2. The method of claim 1, wherein the aqueous particle dispersion is introduced until the volume of the dispersion particles introduced in step a) is at least equal to about 70% of the water zone volume.
3. The method of claim 2, wherein the volume of the dispersion particles introduced in step a) is equal to or less than about 150% of the water zone volume.
4. The method of claim 1, wherein the average diameter of the dispersion particles introduced in step a) is less than about one-sixth the average diameter of the pore spaces within the interstitial volume.
5. The method of claim 1, wherein the average diameter of the dispersion particles introduced in step a) is less than about one-seventh the average diameter of the pore spaces within the interstitial volume.
6. The method of claim 1, wherein the aqueous particle dispersion is comprised of less than about three pounds of dispersion particles per gallon of water.
7. The method of claim 1, wherein the aqueous particle dispersion is comprised of between about 0.5 and 1.5 pounds of dispersion particles per gallon of water.
8. The method of claim 7, wherein the dispersion particles comprise cement selected from the group consisting of: Classes A, B, C, D, E, F, G, H, J, and mixtures thereof.
9. The method of claim 7, wherein the dispersion particles comprise cement having an average particle diameter of between 10 and 110 microns.
10. The method of claim 1, wherein the proppant particles are selected from the group consisting of sand, bauxite, and mixtures thereof and the average diameter of the pore spaces within the interstitial volume is from about 40 to 800 microns.
11. The method of claim 1, wherein the communication channel was created by hydraulically fracturing the subterranean formation.
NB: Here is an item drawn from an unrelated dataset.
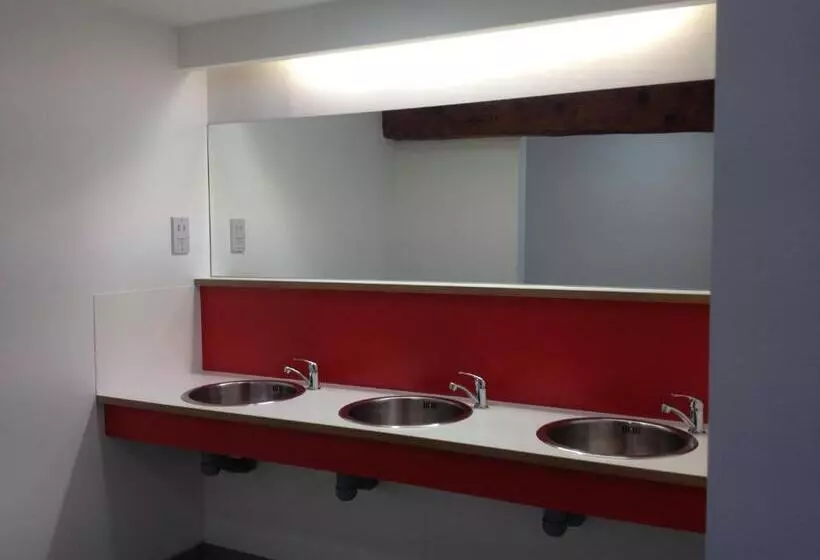 The Old Mill Holiday Hostel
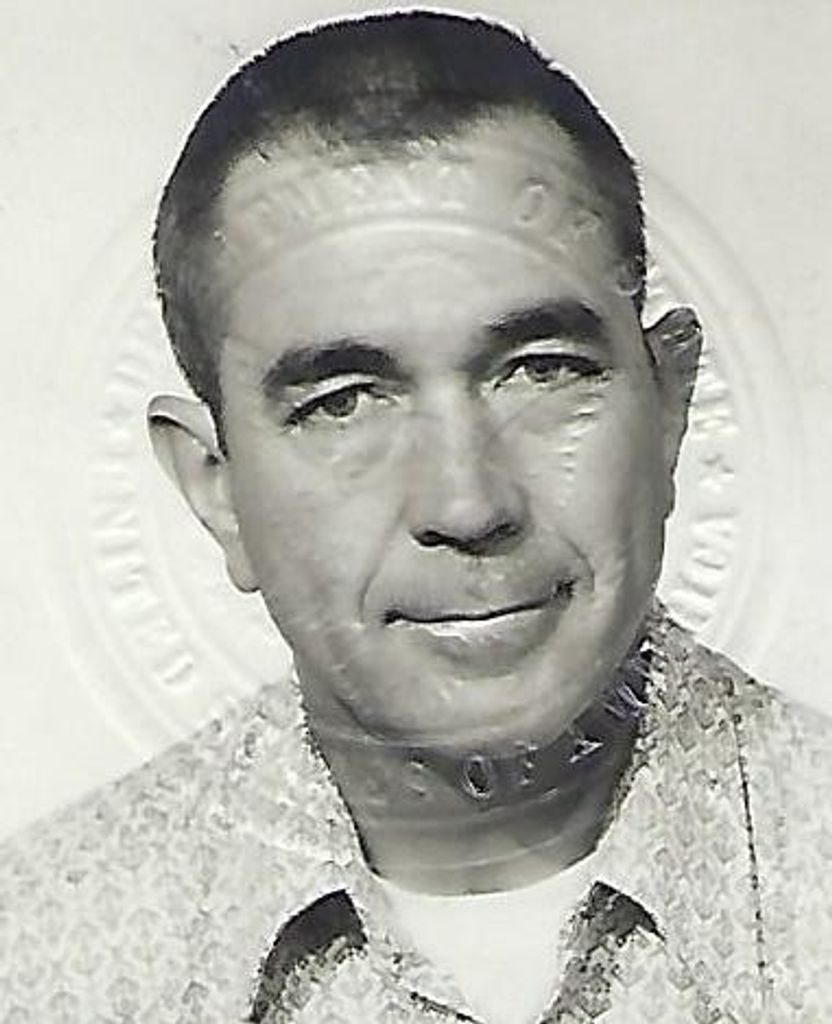 Gerald "Jerry" D. Leonard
12. A method for minimizing the water influx into a wellbore penetrating a subterranean formation having a communication channel extending from the wellbore into the formation, wherein the communication channel is at least partially filled with a proppant pack having a water zone volume and a hydrocarbon zone volume, and wherein the communication channel was created by hydraulically fracturing the formation surrounding the wellbore, the method comprising the step of introducing into the communication channel a sufficient quantity of aqueous particulate dispersion, comprised of cement particles having an average particle diameter of between 10 and 110 microns, to fill the water zone volume with a volume of cement particles at least equal to one-half the water zone volume.
13. The method of claim 12, wherein the aqueous particulate dispersion is comprised of less than about three pounds of cement, selected from the group consisting of Classes A, B, C, D, E, F, G, H, J, and mixtures thereof, per gallon of water.
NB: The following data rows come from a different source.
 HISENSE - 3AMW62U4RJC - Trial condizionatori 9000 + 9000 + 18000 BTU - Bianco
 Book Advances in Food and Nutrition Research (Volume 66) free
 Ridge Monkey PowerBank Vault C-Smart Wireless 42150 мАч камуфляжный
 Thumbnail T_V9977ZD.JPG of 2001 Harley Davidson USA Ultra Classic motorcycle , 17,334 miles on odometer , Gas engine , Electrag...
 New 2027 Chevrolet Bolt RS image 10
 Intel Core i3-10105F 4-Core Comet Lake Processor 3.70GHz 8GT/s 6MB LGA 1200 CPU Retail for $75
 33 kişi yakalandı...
14. The method of claim 12, wherein the aqueous particulate dispersion is comprised of less than about two pounds of cement, selected from the group consisting of Classes A, B, C, D, E, F, G, H, J, and mixtures thereof, per gallon of water.
15. The method of claim 12, wherein the aqueous particulate dispersion is comprised of between about 0.5 and 1.5 pounds of cement, selected from the group consisting of Classes A, B, C, D, E, F, G, H, J, and mixtures thereof, per gallon of water.
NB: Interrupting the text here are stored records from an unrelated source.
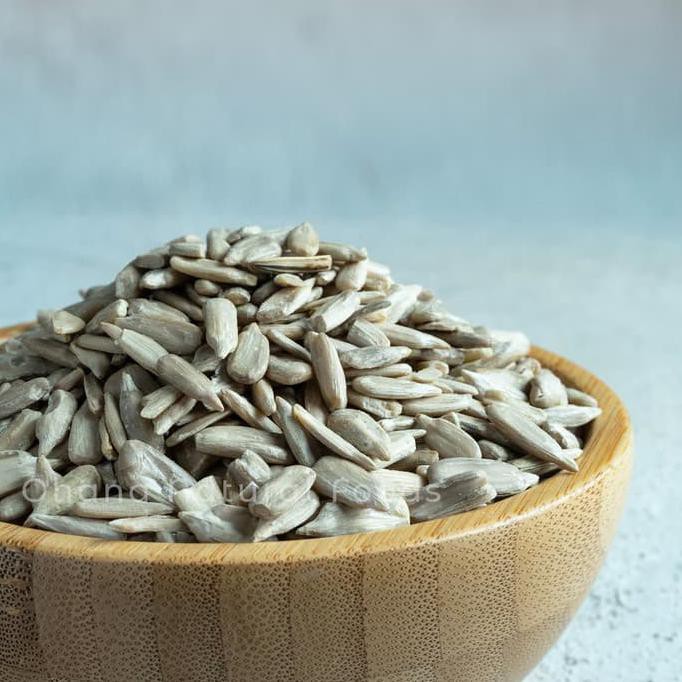 

Kualitas Terbaik] Sunflower Seeds 100Gr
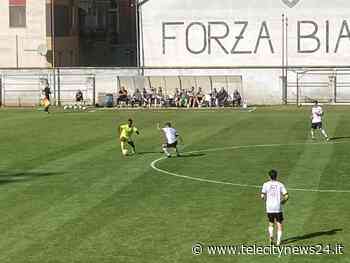 Eccellenza: l’Acqui perde un’occasione - Telecity News 24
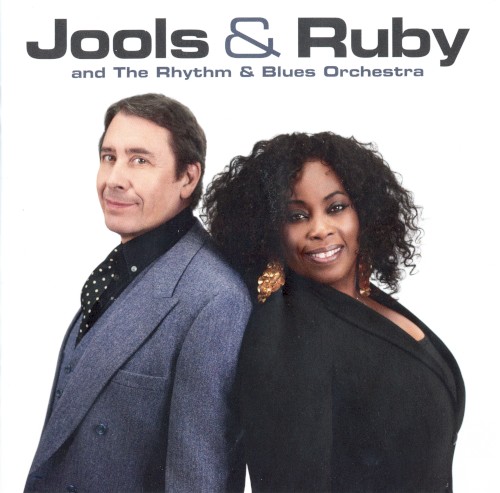Jools & Ruby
16. The method of claim 12, wherein the proppant pack is comprised of proppant particles selected from the group consisting of -4+8, -8+12, -12+16, -12+20, -16+20, -20+30, -20+40, and -40+60 mesh sand, sintered bauxite, and mixtures thereof and an average diameter of the pore spaces within the proppant pack is from about 40 to about 800 microns.
17. The method of claim 16, wherein the aqueous particulate dispersion is introduced into the communication channel at a pressure less than the fracture parting pressure of the formation.
18. The method of claim 17, wherein the aqueous particulate dispersion is introduced into the communication channel at a sufficient rate to minimize any settling of the cement particles within the wellbore.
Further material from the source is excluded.